The Erasmus Collection of Rotterdam Public Library is world's largest collection of Erasmiana. Apart from its own collection, the library also owns a unique card index containing bibliographical descriptions of about 6,000 early modern editions of Erasmus’s works. These encompass Latin texts as well as translations. Each edition is accompanied by information about the whereabouts of surviving copies worldwide. Bibliographical references are added in many cases too.
Van Gulik and his card index
The initiator of this card index is Egbertus van Gulik, MA (1910-1998). Educated as a historian, he was a librarian of Rotterdam Public Library from 1961 to 1973. Between 1965 and 1989 he was a member of the Conseil international pour l’édition des oeuvres complètes d’Erasme.
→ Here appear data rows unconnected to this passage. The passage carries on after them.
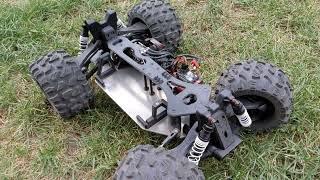 Robak Rc Car with magnetic body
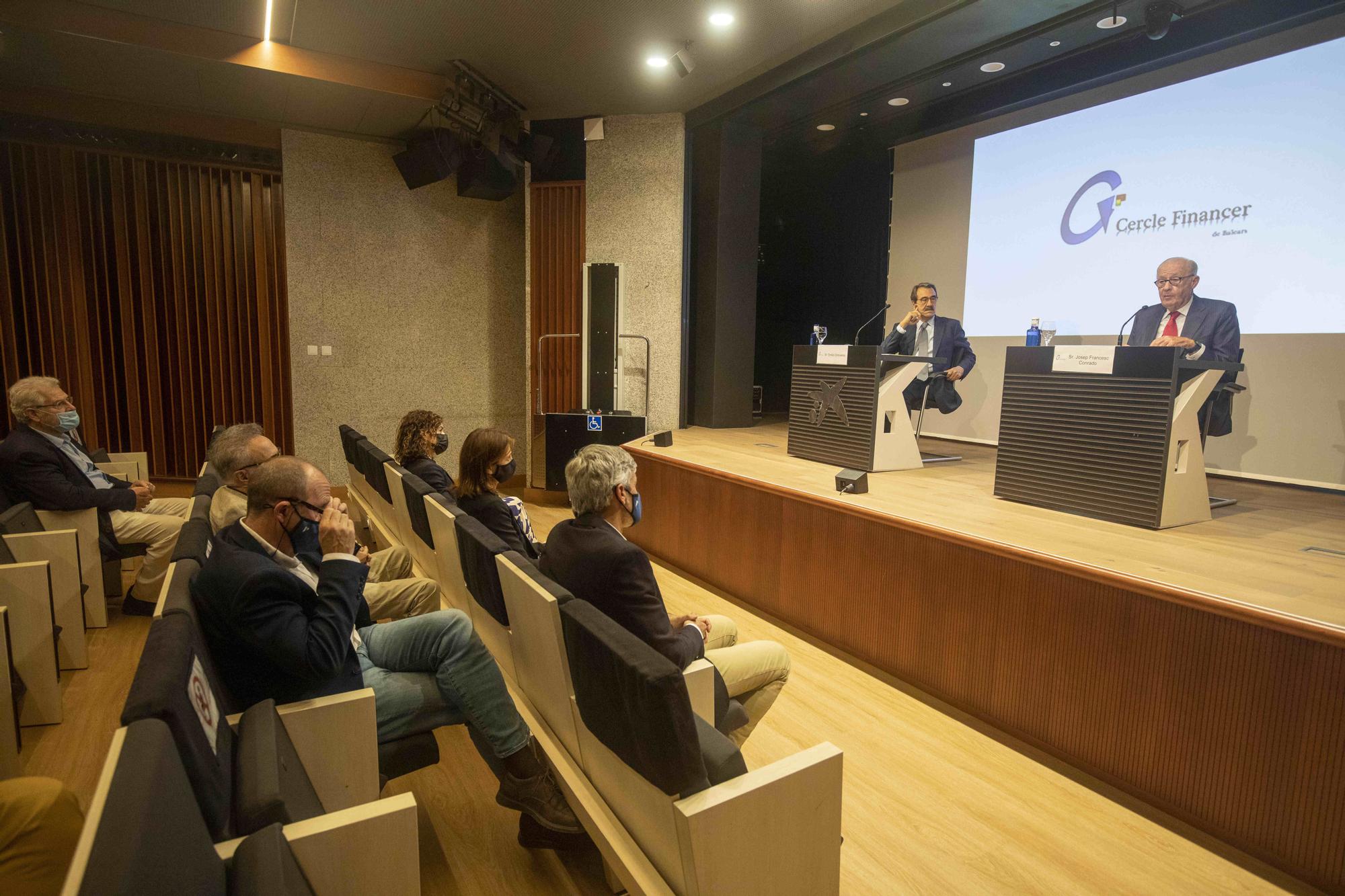 El economista Emilio Ontiveros da una conferencia en Palma
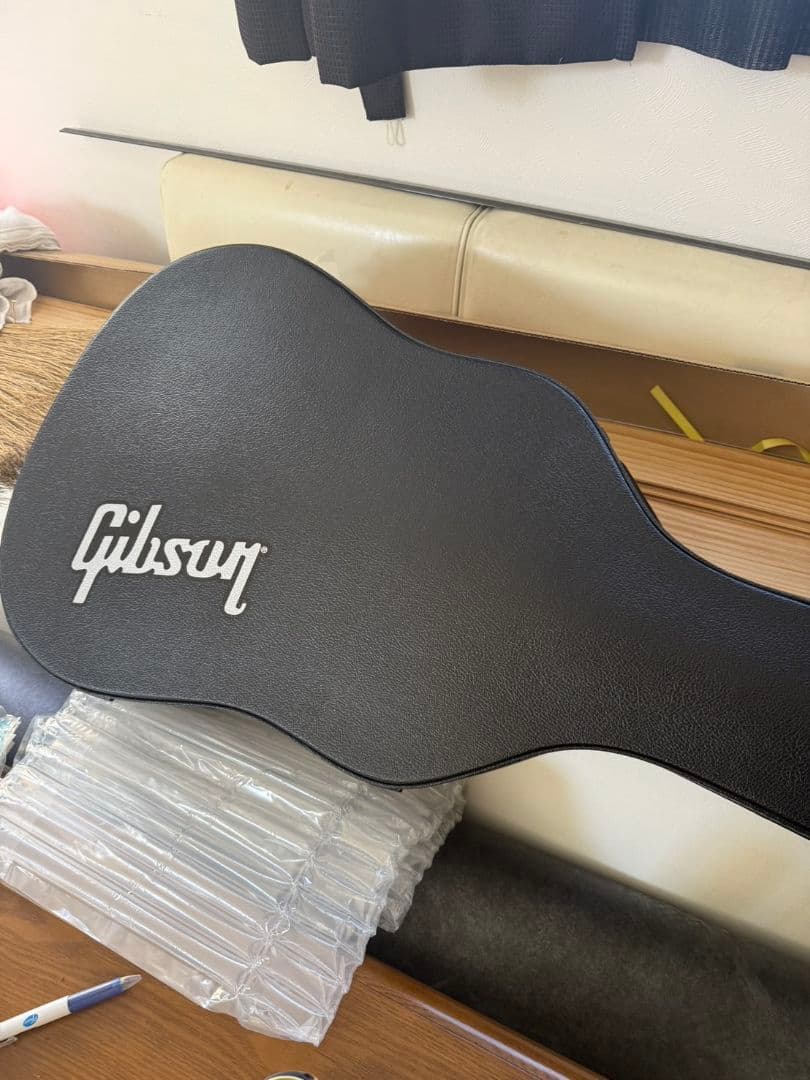 Gibson J-45 レッドアコースティックギター　左用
His major work on Erasmus’s private book collection is published posthumously by University of Toronto Press: Erasmus and his Books (2018).
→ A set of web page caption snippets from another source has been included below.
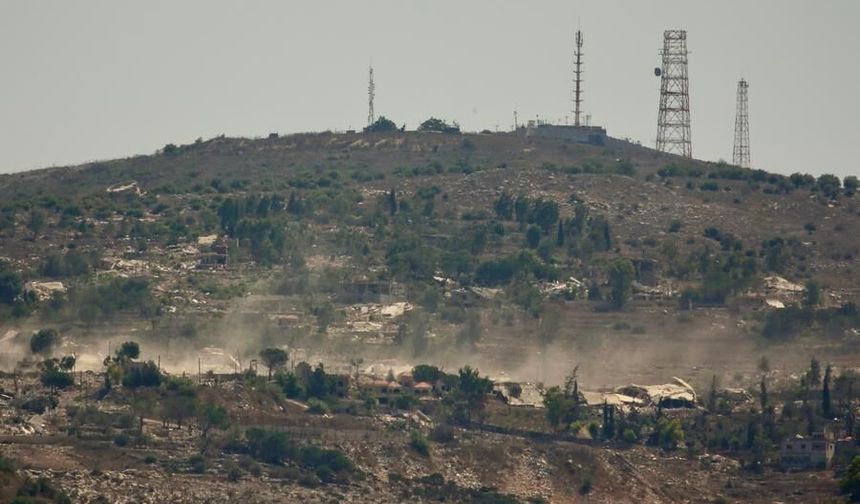 İsrail'in Lübnan'ın sınır köyüne düzenlediği saldırılar yıkıma yol açtı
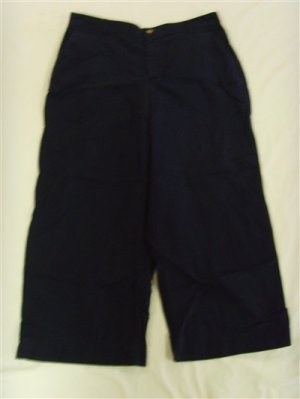 Women's Size Medium Petite Sag Harbor Capri Pants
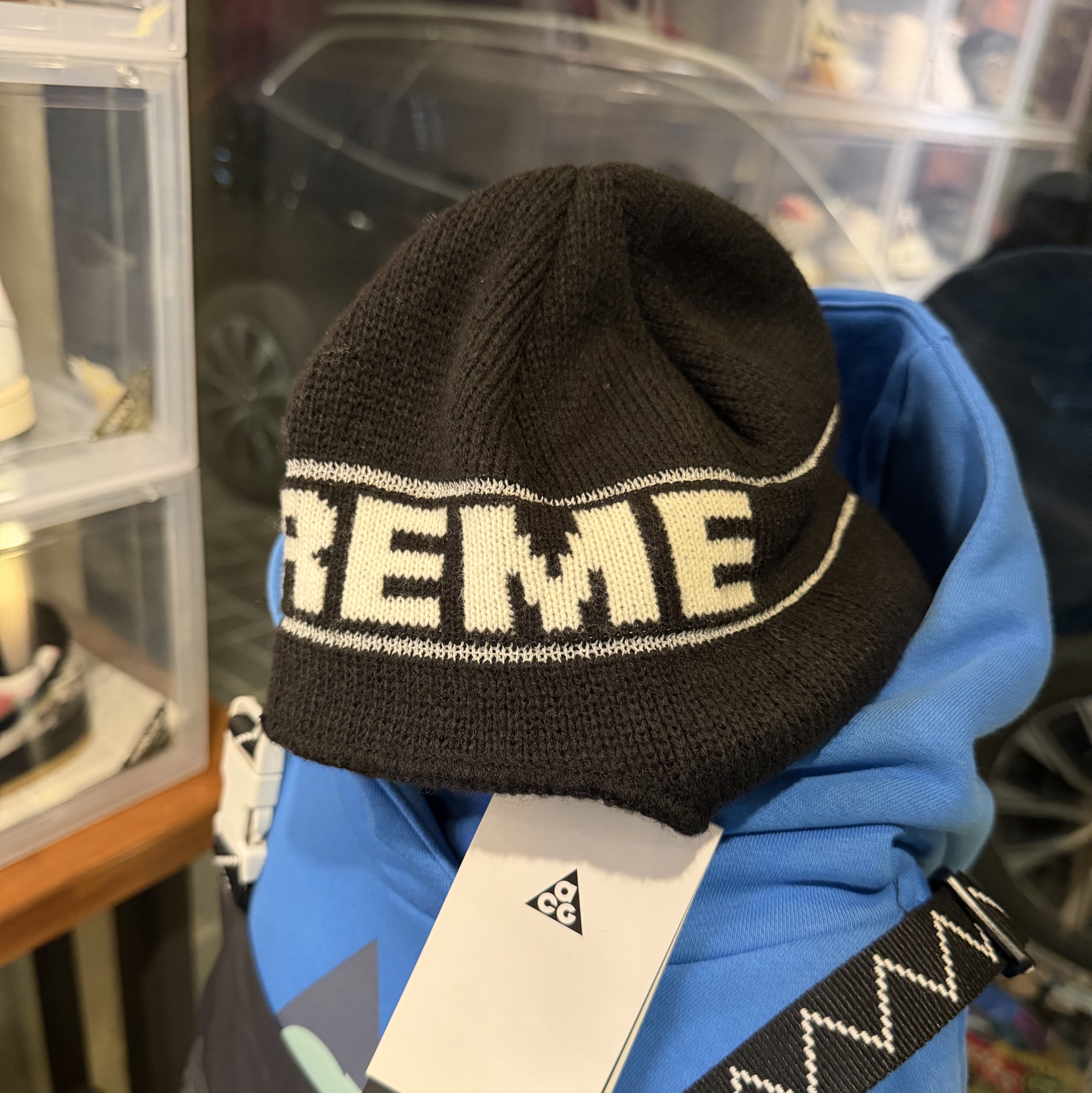 Supreme Earflap Beanie Black - 23FW 착용 스타일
Starting point for Van Gulik’s index was the Bibliotheca Erasmiana, a provisional repertoire of Erasmus’s works, published by Ferdinand vander Haeghen in 1893. The information on library locations and the bibliographical references basically reflect the situation as it was by 1970. Although entries have since been regularly added and updated, this was not done in a systematic or comprehensive way.
Erasmus Online Database
The international world of scholarship attaches great importance to this card index named after Van Gulik. It is the starting point for any serious study of Erasmus’s works. For this reason it was decided to digitize the index and to publish it here under the name Erasmus Online Database, thus making it accessible worldwide and free of charge. In the 2000’s, this project was initiated by the Rotterdam Erasmus Centre for Early Modern Studies, that used to provide access to the database through the website erasmus.org.
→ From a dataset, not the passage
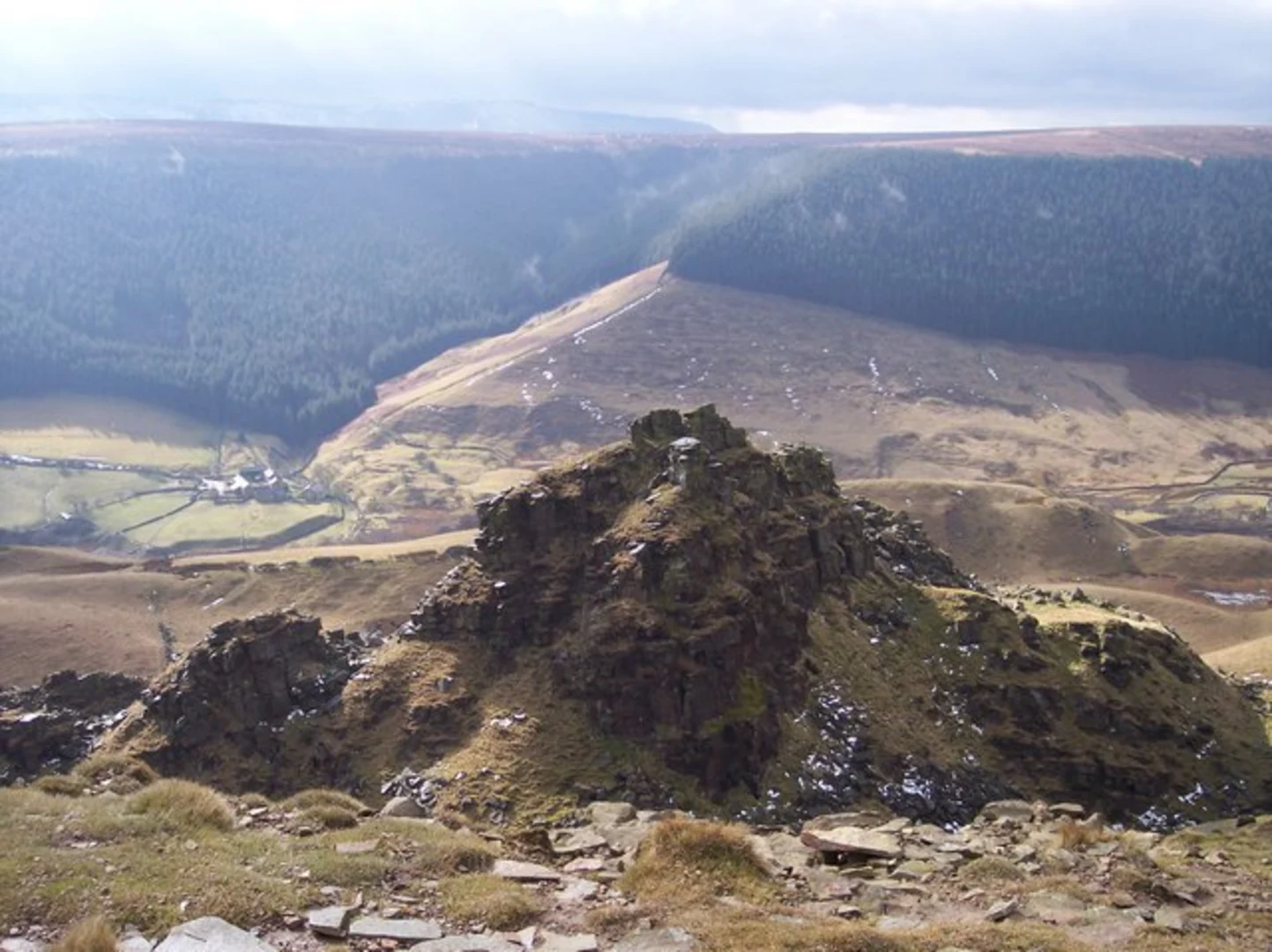 An image depicting the trail Alport Castles and Woodlands Valley from Fairholmes and its surrounding area.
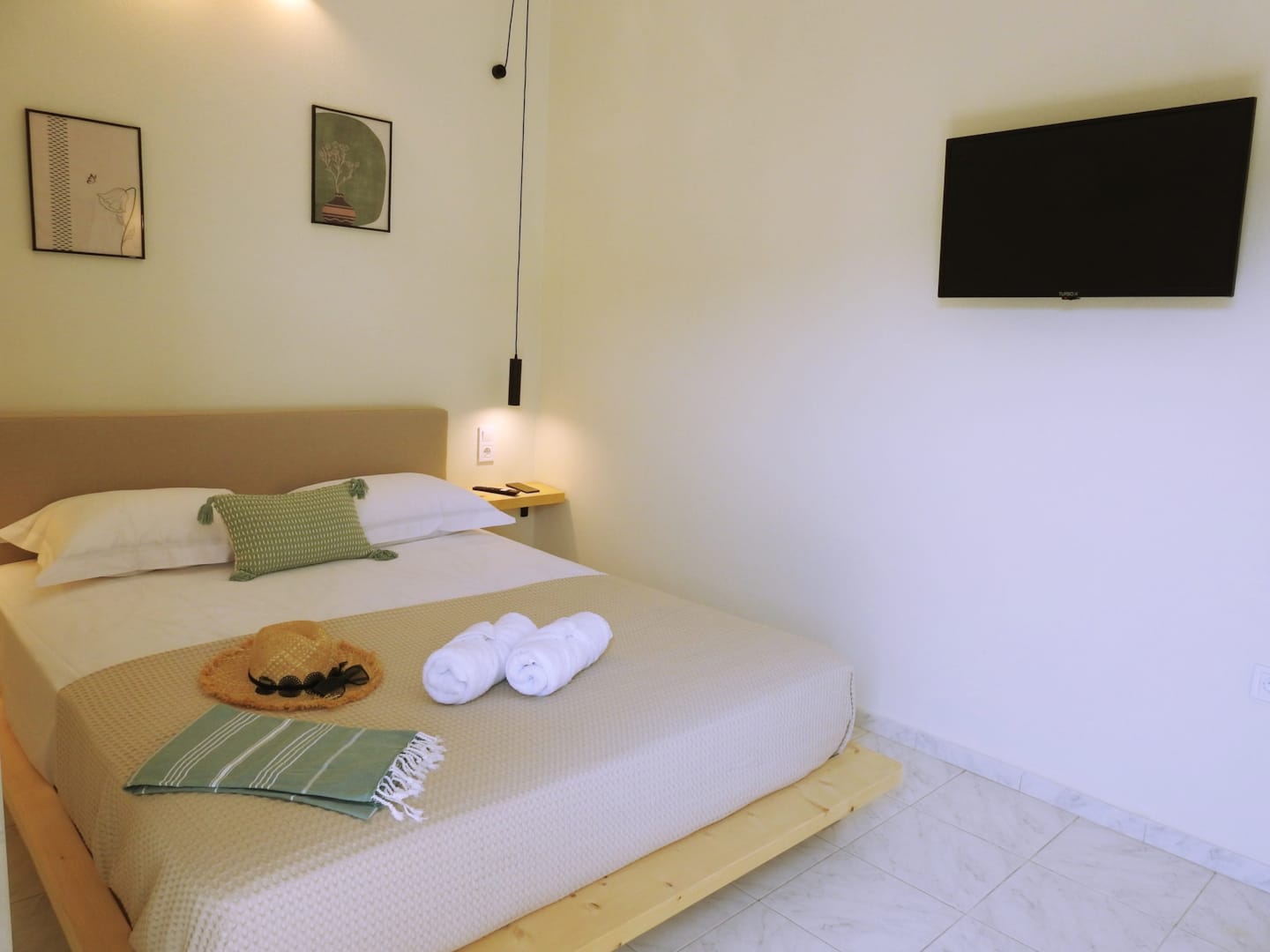 Capella-Town-Skiathos-tv.jpg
The Erasmus Online Database offers a modern search functionality enabling complicated search actions such as: all editions of the Praise of Folly published between 1520 and 1530 but not in Antwerp. Over 2,000 editions include an illustration of the title page as well. Seventeen editions (including two Collected Works editions) have been digitized fully. All this makes Erasmus Online a useful tool not only for philologists and historians, for book historians, philosophers and theologians, but for booksellers and auctioneers as well.
This database is a work in progress. Since both Van Gulik’s index and Vander Haeghen’s repertoire are inexhaustive according to modern scholarly standards, their contents are continuously enlarged and updated. In the course of time a comprehensive bibliographical description of each title entry will be provided.